El presidente Donald J. Trump ha tomado un paso significativo para revitalizar y proteger la industria ganadera de Estados Unidos, firmando un nuevo decreto ejecutivo que busca implementar un enfoque coordinado entre diferentes agencias gubernamentales. La medida tiene como objetivo fortalecer la economía de los ganaderos y responder a los desafíos que enfrenta este sector crucial, el cual ha estado lidiando con una crisis de suministro de carne de res y regulaciones que muchos consideran perjudiciales.
Bajo el nuevo decreto, se encomienda a autoridades clave como el Secretario del Interior y el Comisionado de la Administración de Alimentos y Medicamentos realizar una revisión exhaustiva de todas las regulaciones y políticas que afectan a los ganaderos. Este análisis debe enfocarse en promover la viabilidad financiera de los rancheros y facilitar su acceso al mercado. Dentro de esta revisión, se considerará la posible eliminación o modificación de la lista de especies en peligro de extinción para el lobo gris y el lobo mexicano, permitiendo así a los ganaderos proteger mejor su ganado.
El presidente ha destacado que su administración busca brindar herramientas a los ganaderos para que puedan afrontar los desastres naturales y las interrupciones del mercado. Esta acción se presenta en un momento crítico, ya que la población de ganado en el país se encuentra en sus niveles más bajos en 75 años, mientras que la demanda de carne de res ha aumentado casi un 10% en la última década. La situación se ha visto agravada por condiciones climáticas adversas, como sequías y incendios forestales, que han limitado el acceso a pastos y alimentos para el ganado.
Trump ha criticado la administración de Biden por lo que considera un descuido hacia la agricultura estadounidense, citando regulaciones que dificultan la supervivencia de los rancheros. Entre las críticas se menciona un aumento en los costos de producción provocados por las políticas implementadas, que han dejado a muchos ganaderos luchando para mantenerse a flote.

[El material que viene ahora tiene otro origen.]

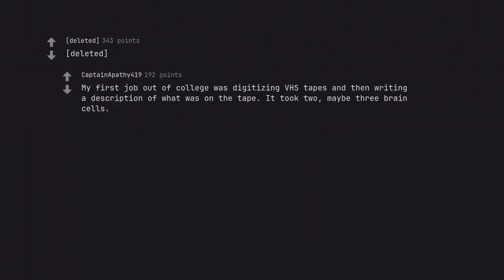My first job out of college was digitizing VHS tapes and then writing a description of what was on the tape. It took two, maybe three brain cells.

A través de su nuevo enfoque, Trump también busca implementar medidas que reduzcan los precios para los consumidores al mismo tiempo que se protege y se fortalece a los productores locales. Su plan incluye revisar las políticas de etiquetado de origen para la carne de res, lo que podría inflar las oportunidades de mercado para los productos estadounidenses en casa y en el extranjero.
En un contexto donde los rancheros sienten la presión de las regulaciones y los cambios económicos, la administración busca restablecer la confianza en el sector primario. Desde el inicio de su gestión, Trump ha enfatizado su compromiso de defender a los productores locales, asegurando que las iniciativas y acciones impulsadas no solo beneficien a los ganaderos, sino que también fortalezcan la cadena de suministro alimentario del país en un panorama cada vez más incierto.
Mientras los rancheros consideran este decreto y su potencial impacto, la comunidad agrícola observa con atención, esperando que estas medidas no solo mitigen las crisis actuales, sino que también establezcan un camino sostenible hacia el futuro. En tiempos donde la producción nacional es vital, la dirección que tome la administración podría redefinir el paisaje agrícola estadounidense, generando esperanzas de un resurgimiento del sector ganadero.